Exercise instructions
Starting with the line below that holds "Tommy Hilfiger Organic" and stopping after the line that holds "TABC label artwork", transcribe the lines exactly, leaving out all pictures.

The data
============

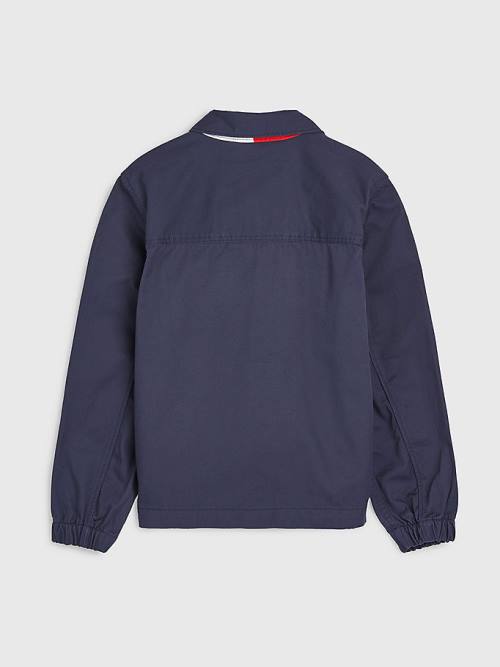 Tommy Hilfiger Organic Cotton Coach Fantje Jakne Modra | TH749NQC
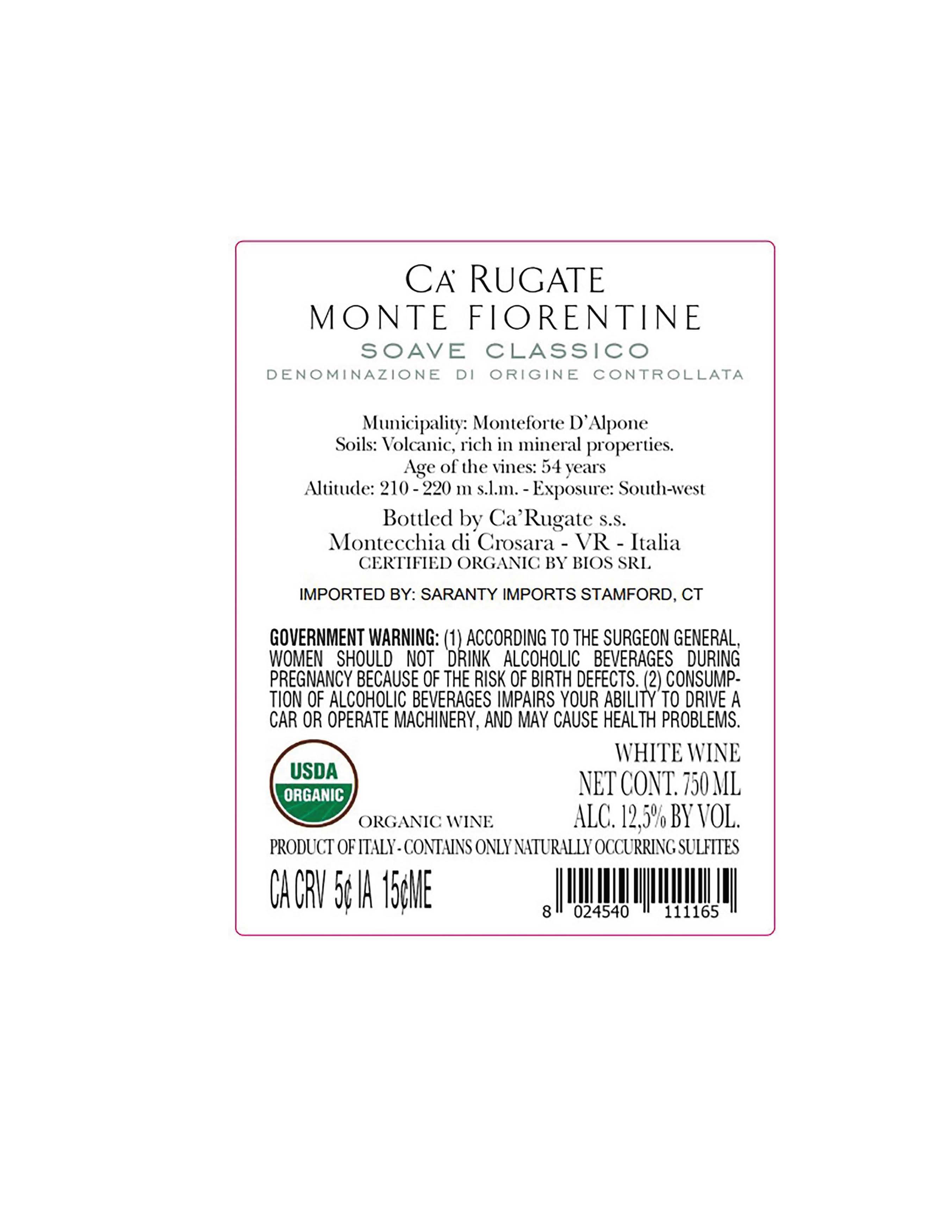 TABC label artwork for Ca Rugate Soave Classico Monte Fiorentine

============

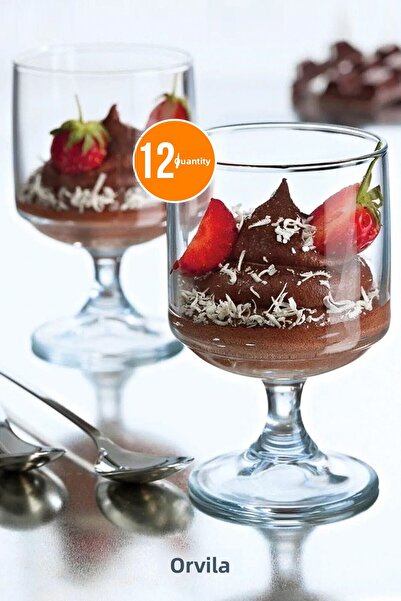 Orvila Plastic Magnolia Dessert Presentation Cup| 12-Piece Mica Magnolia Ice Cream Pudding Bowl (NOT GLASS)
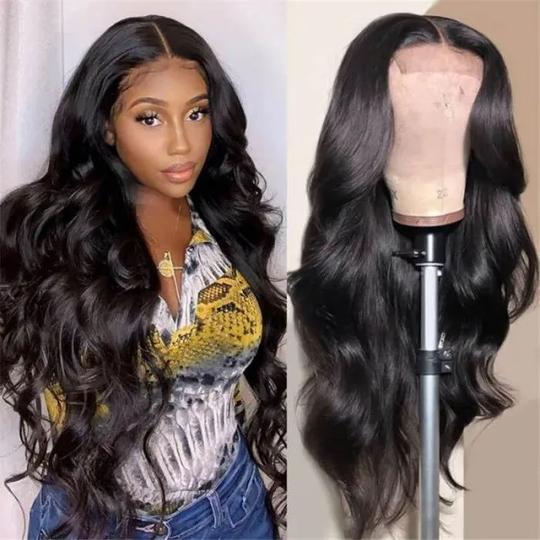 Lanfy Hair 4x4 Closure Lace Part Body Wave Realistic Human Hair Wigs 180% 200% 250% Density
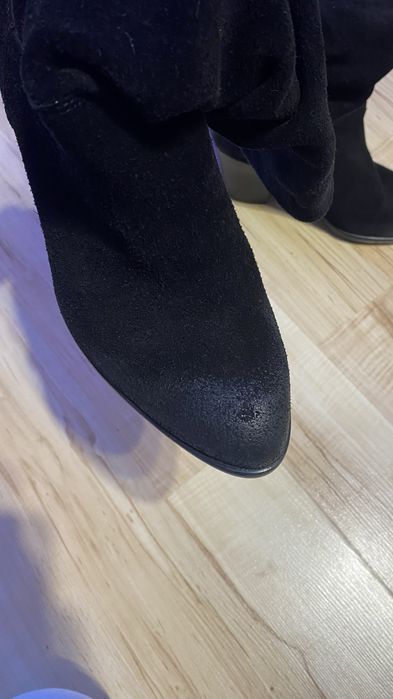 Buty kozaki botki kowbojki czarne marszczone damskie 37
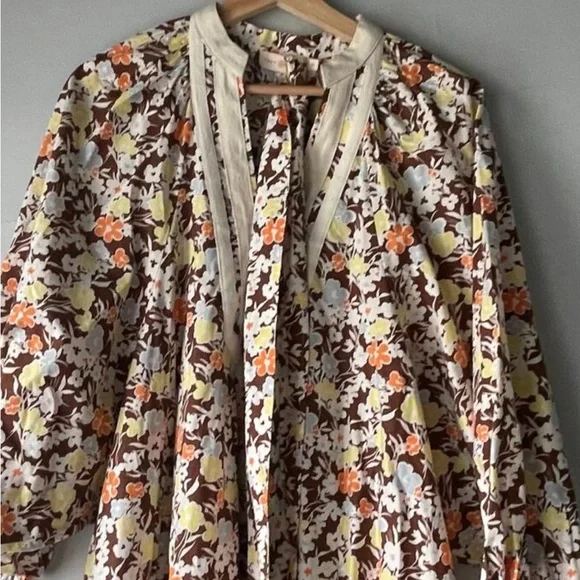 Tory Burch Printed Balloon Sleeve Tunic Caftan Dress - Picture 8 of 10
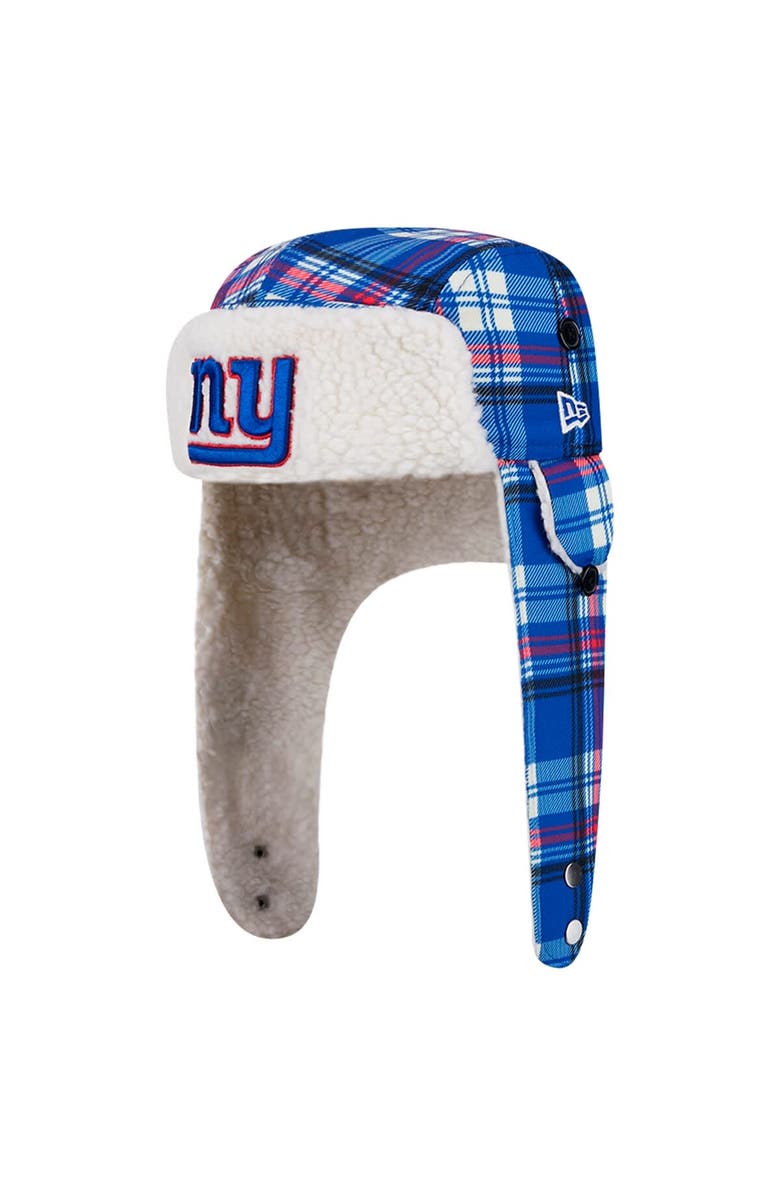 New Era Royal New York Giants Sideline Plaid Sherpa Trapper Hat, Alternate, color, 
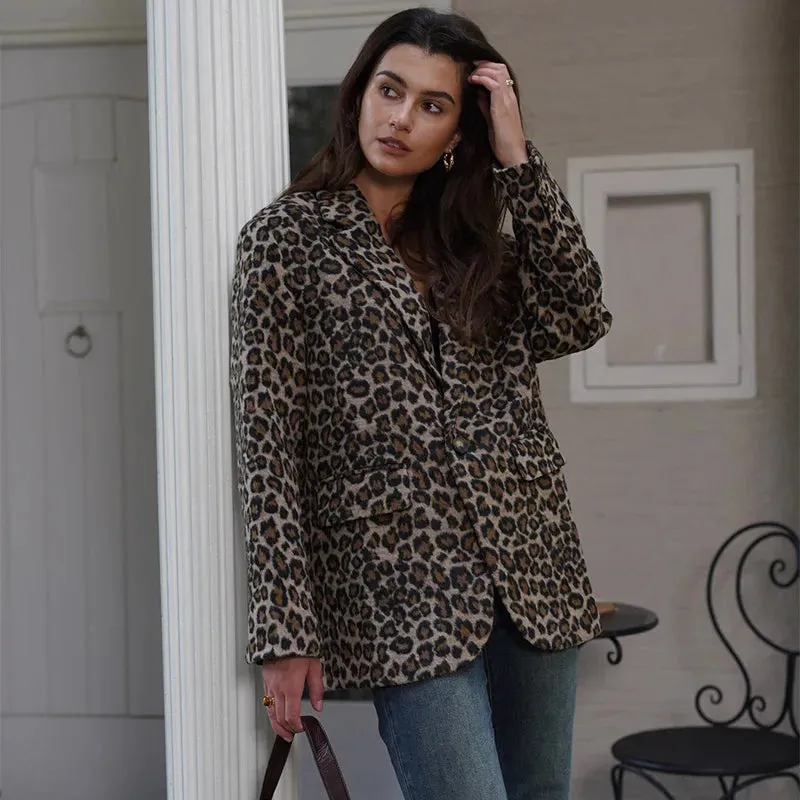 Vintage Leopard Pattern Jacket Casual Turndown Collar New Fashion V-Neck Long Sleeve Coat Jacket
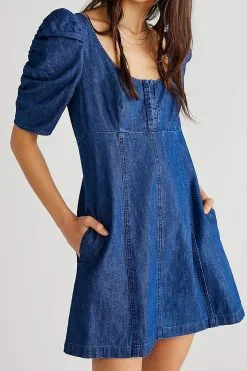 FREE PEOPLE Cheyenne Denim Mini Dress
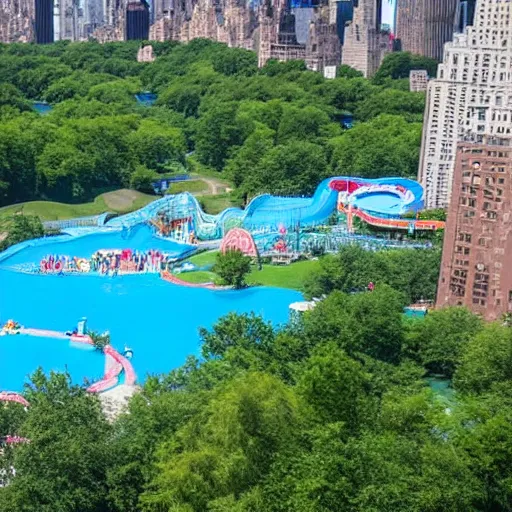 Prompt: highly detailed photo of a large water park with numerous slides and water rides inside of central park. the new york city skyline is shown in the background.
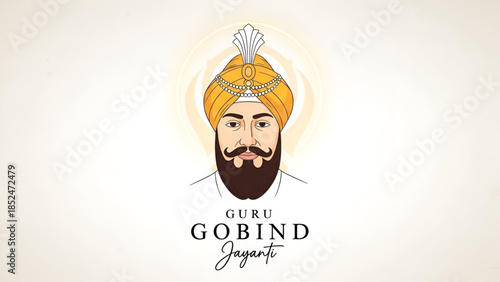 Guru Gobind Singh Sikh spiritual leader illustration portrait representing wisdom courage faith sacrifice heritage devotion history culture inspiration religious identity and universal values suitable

============

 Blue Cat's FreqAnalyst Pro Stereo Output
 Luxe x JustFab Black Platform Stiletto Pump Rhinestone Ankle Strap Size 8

============

Solution to the exercise
 Tommy Hilfiger Organic Cotton Coach Fantje Jakne Modra | TH749NQC
 TABC label artwork for Ca Rugate Soave Classico Monte Fiorentine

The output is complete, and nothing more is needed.